Common patterns people report
- Static apnea: Many prefer fasting or a very light stomach, mainly for comfort and to avoid blood being “pulled” toward digestion. Several people say an empty stomach helps relaxation and reduces distractions.
- Dynamic / pool work: More people report needing some quick energy, especially if the session is long. Suggestions include dried fruit, oats, honey, light carbs, and electrolyte drinks—often taken a few hours before, or between attempts.
- Depth / open water: Many emphasize time since last big meal (often 3–6 hours) rather than strict fasting. Some warn that fasting or low-carb patterns can increase lightheadedness or make the end of the dive feel “empty.” A few divers share experiences consistent with hypoglycemia contributing to repeated LMC/blackouts, which improved after simply eating breakfast.
Hot topics debated in the thread
- Beetroot / dietary nitrate: Some divers and researchers discuss nitrate supplementation, with mixed claims (possible benefits for some settings, possible negatives for others).
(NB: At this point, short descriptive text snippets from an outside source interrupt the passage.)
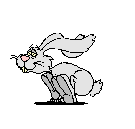 RUNRABIT.GIF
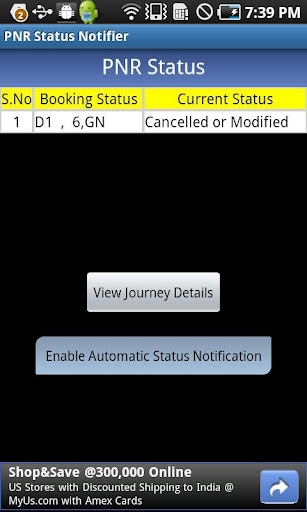 【免費旅遊App】Live Train Status (IRCTC)-APP點子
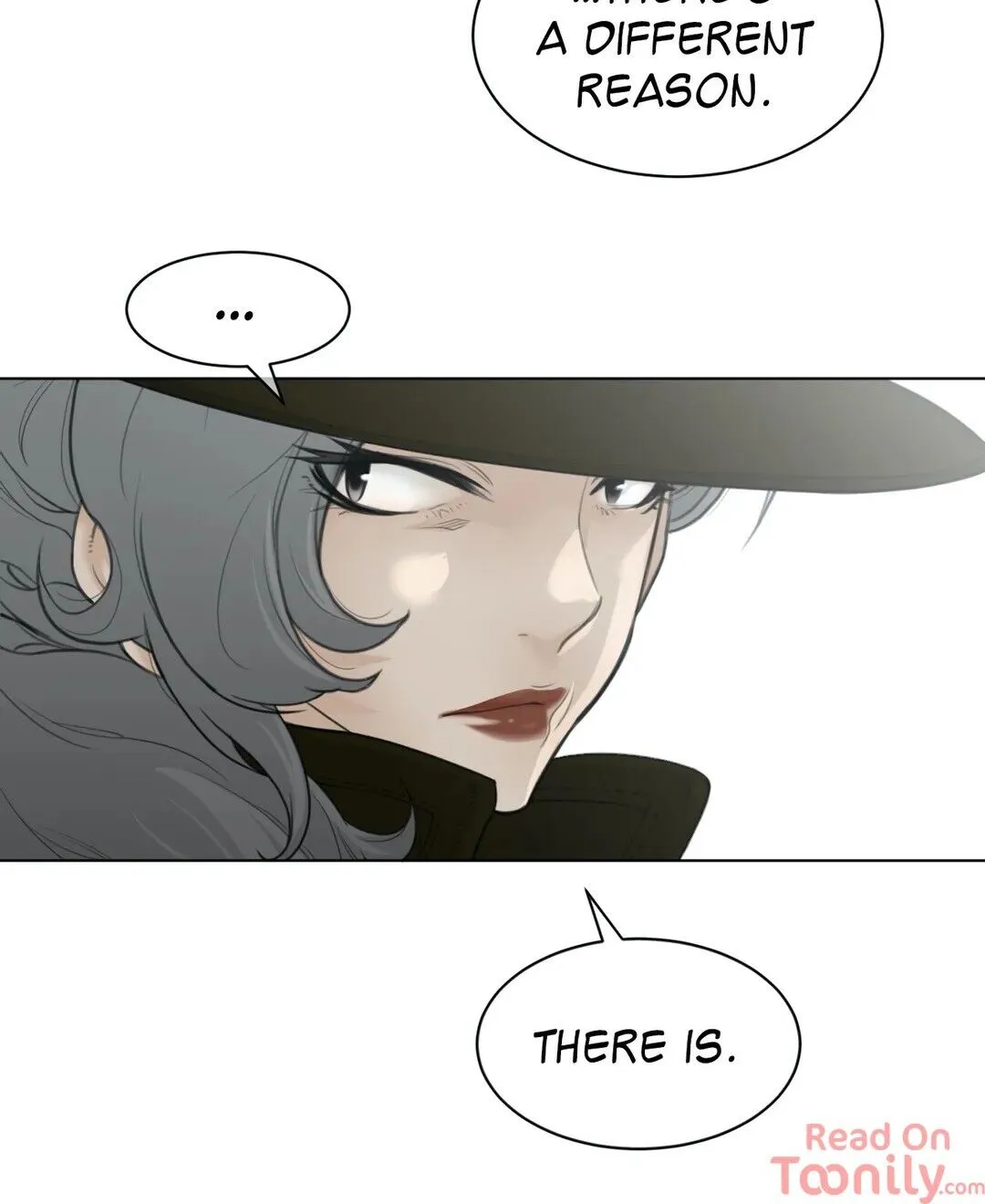 Perfect Half Mangakakalot X Chapter 117 Page 60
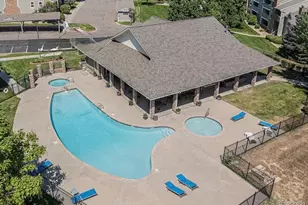 5667 S Urban St, Littleton, CO 80127 - Photo 23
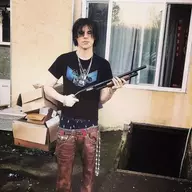 newermor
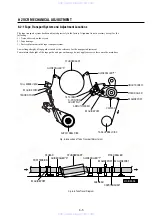 Preview for 103 page of Sony SLV-D990P B Service Manual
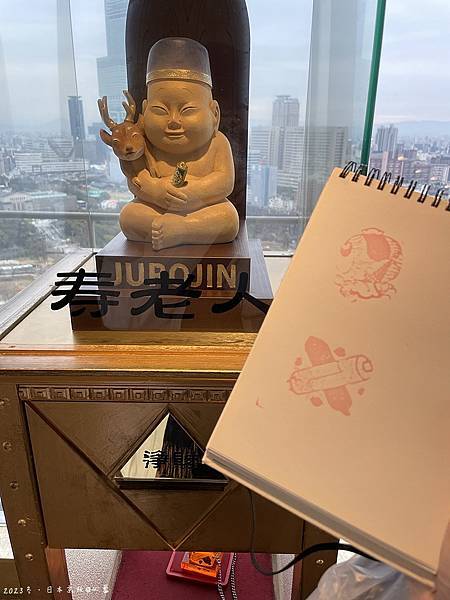 IMG_3308.JPG IMG_3308.JPG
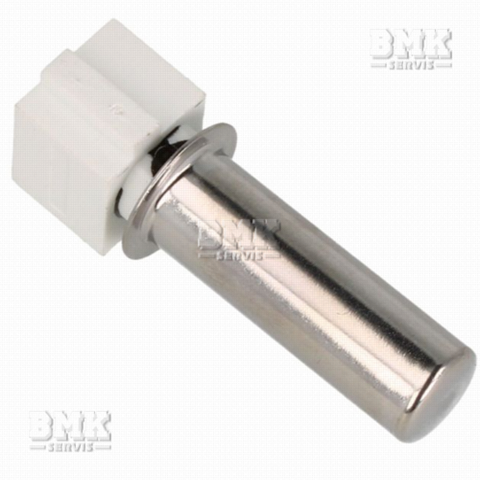 Obrázek z Teplotní senzor 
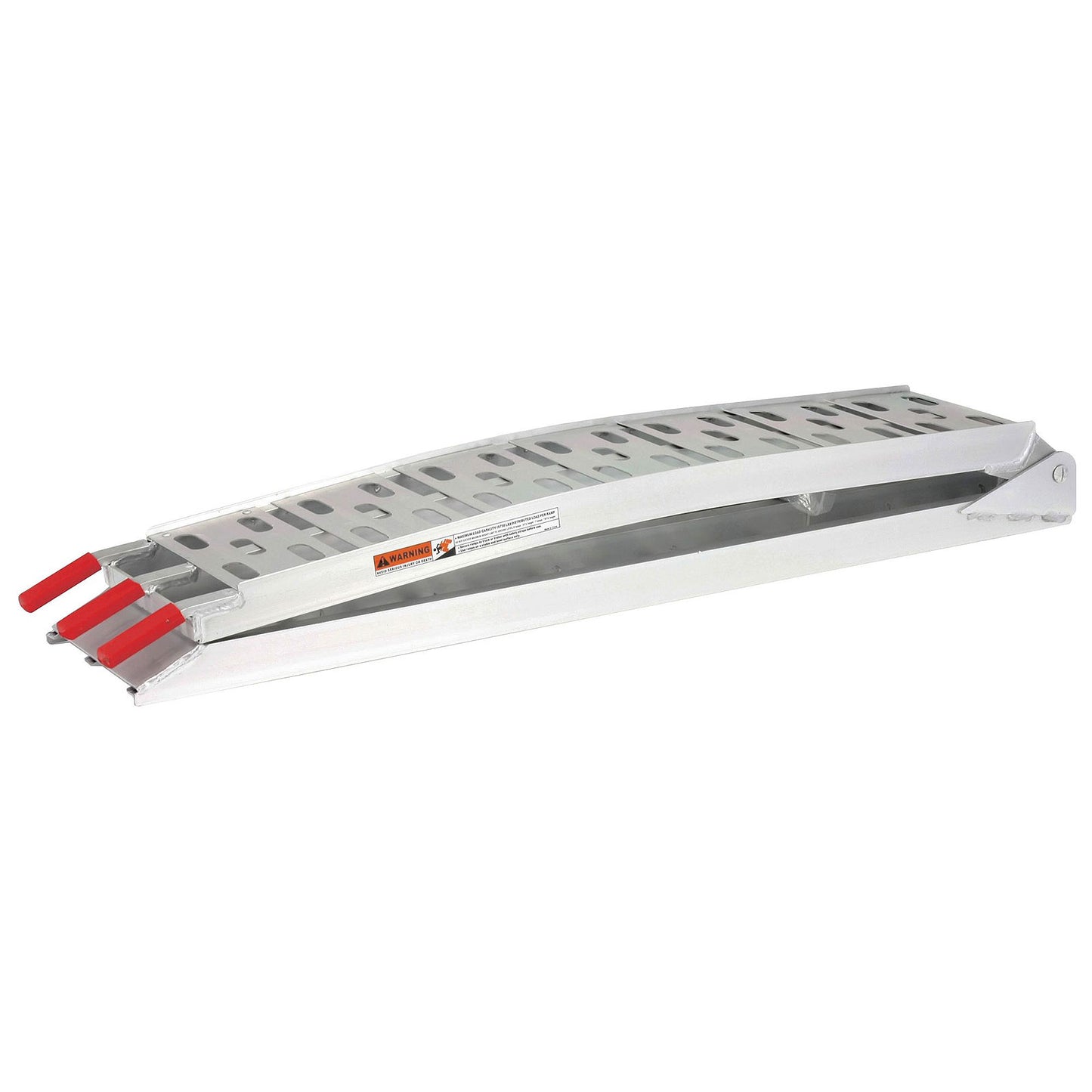 Motorcycle Loading Ramp 280mm x 2280mm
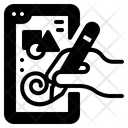 پیش‌نمایش فایل drawing-app-4361026 از پک کاربرد تلفن هوشمند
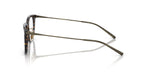 Oliver Peoples Loftin OV5543 1741 Glasses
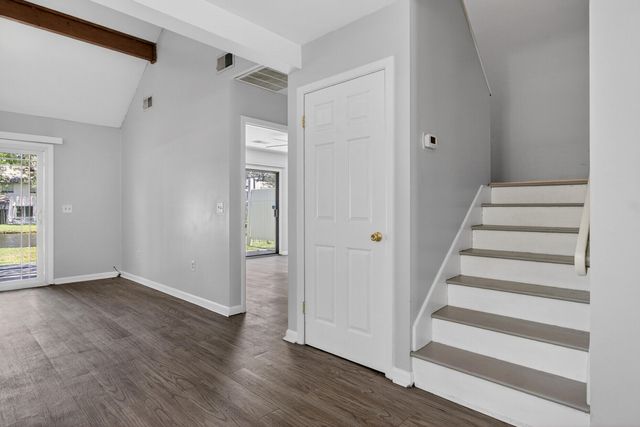 101 Chattum Court, Summerville, SC 29485
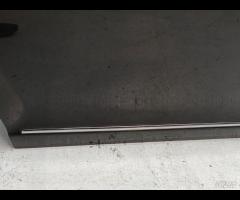 PORTA PORTIERA POSTERIORE DX MERCEDES S500 W221 20 - 15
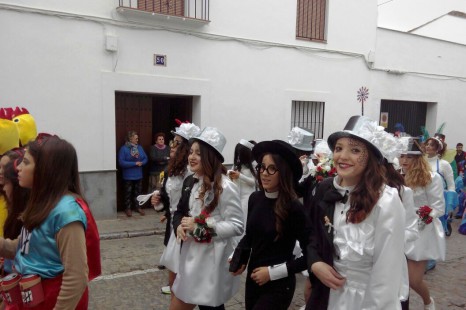 Carnaval-de-Fuente-de-Cantos-201514.jpg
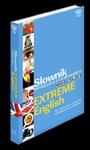 Słownik tematyczny z multimediami Extreme English w sklepie internetowym Booknet.net.pl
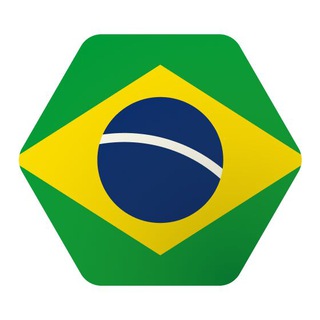 Nimiq Brasil Telegram Group Link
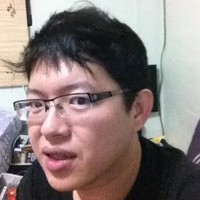 Tan Yee Loon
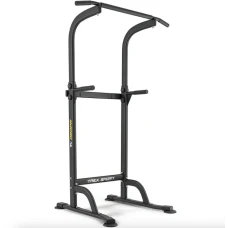 Силова станція турнік-бруси Trex Sport TX-060PR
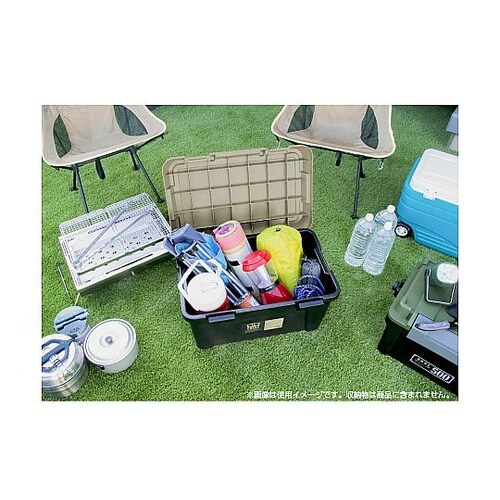 TS600S ツールストッカー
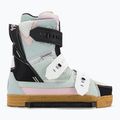 Dámske wakeboardové viazanie Slingshot Copycat 2023 1230346009 2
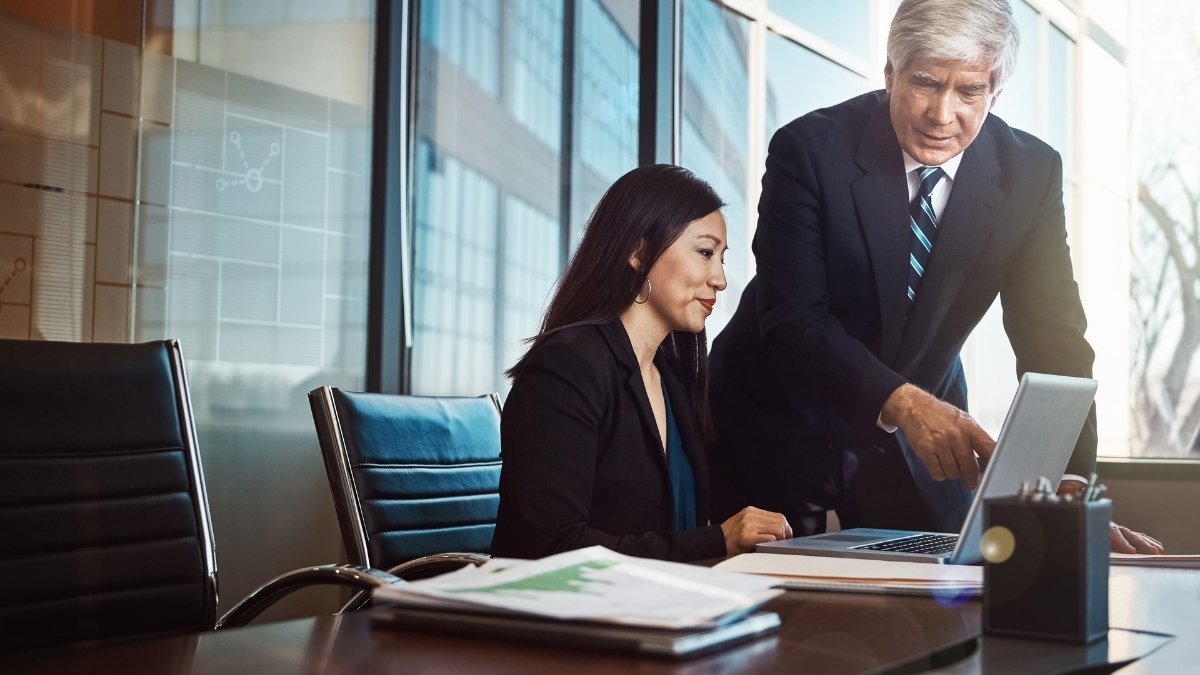 The Reveal: Securities Lending Goes Retail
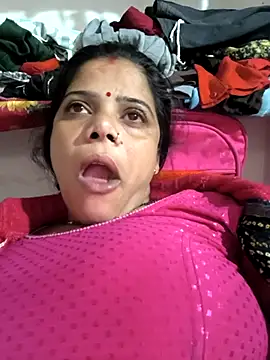 Snapshot of Setty54 chatting on October 2025 04:41:01 PM Setty54 online show from October 2025 04:41:01 PM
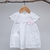 VESTIDO CONIGLIO Talle 9 M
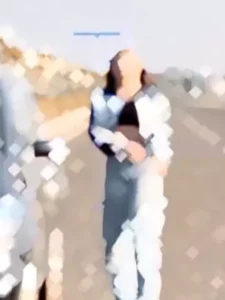 Eh Baaz Ikala Hai CapCut Template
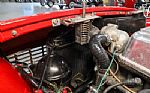 1960 TR3A Thumbnail 57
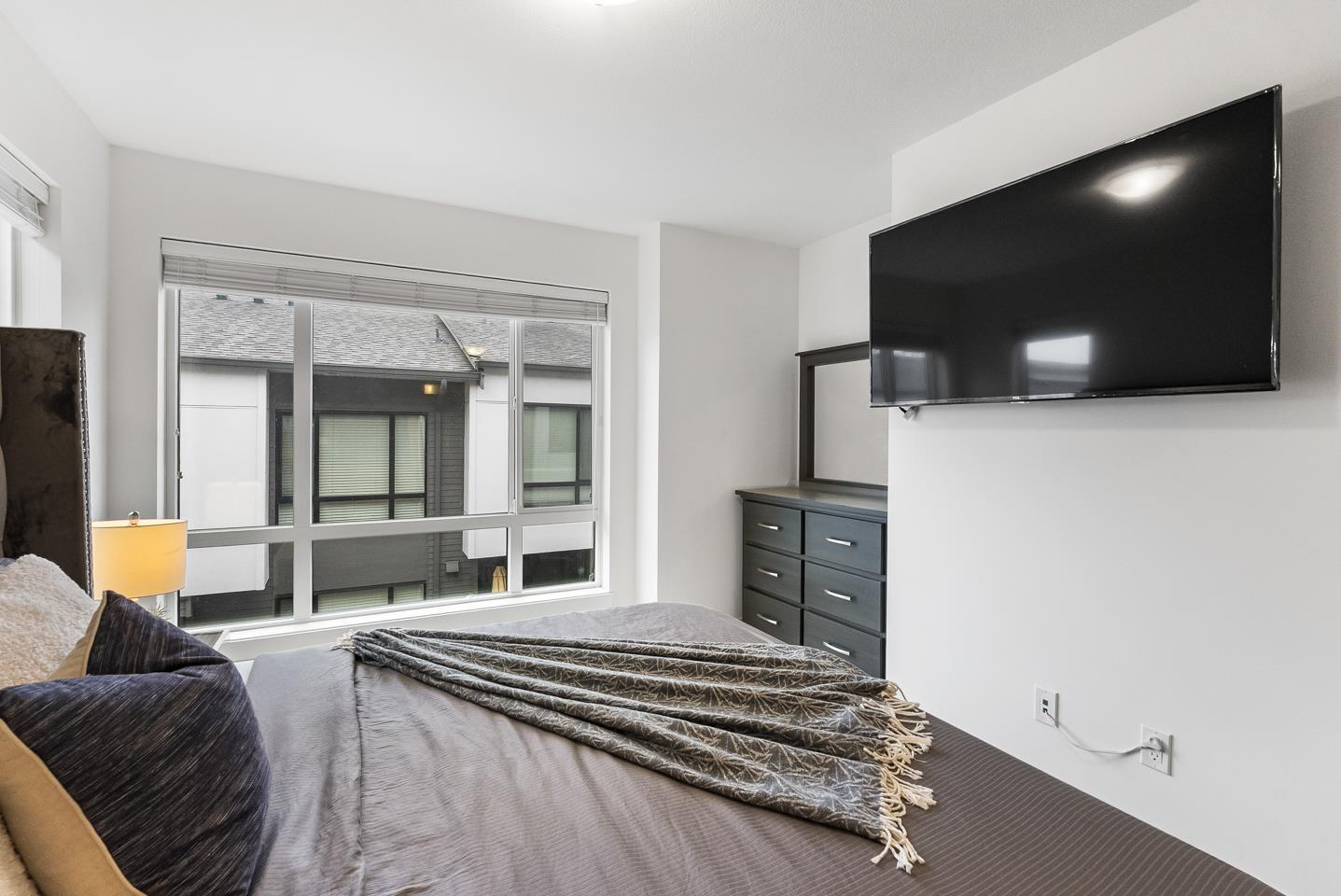 79 16433 19 Avenue, Surrey, British Columbia V3Z 0Z1 - Photo 14 - R3068479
The takeaway from the thread is: if you experiment, do it on training days, and track how you actually perform and recover.
- Coffee / caffeine: Several divers say moderate coffee doesn’t hurt them and may even help routine/alertness, but the general vibe is “don’t change everything on a big dive day.”
- Carbs vs fats (RQ discussion): There’s a deep tangent about respiratory quotient (RQ) and fuel choice (fat vs carbs). It’s interesting, but most divers conclude that practical performance and safety matter more than perfect theory—especially because people vary a lot.
Practical “starter rules” you can test
- Don’t dive with a heavy stomach. Give yourself a 3–4 hour window after a big meal (more if needed).
- For statics, try empty/light and see if it improves relaxation.
- For depth days, be careful with skipping breakfast if you’re prone to dizziness or LMC.
- Keep hydration and electrolytes in mind, especially in cold water or long sessions.
- Treat supplements as experiments, not magic.
Abstract
This document is a saved Facebook thread in which freedivers discuss pre-dive meals and hydration strategies for static apnea, pool dynamics, and open-water depth diving. Contributors commonly report that fasting or a very light stomach feels beneficial for static apnea, while dynamic sessions often feel better with some carbohydrate availability. For depth, many divers emphasize allowing sufficient time for digestion rather than strict fasting.
The thread includes debate about supplements (notably beetroot/nitrate and caffeine), individual differences, and the potential role of low blood sugar in LMC/blackout susceptibility for some divers. Overall, the discussion suggests simple, testable habits—avoid heavy meals close to diving, be cautious with fasting for depth, and prioritize comfort, consistent routines, hydration, and safety over “one-size-fits-all” rules.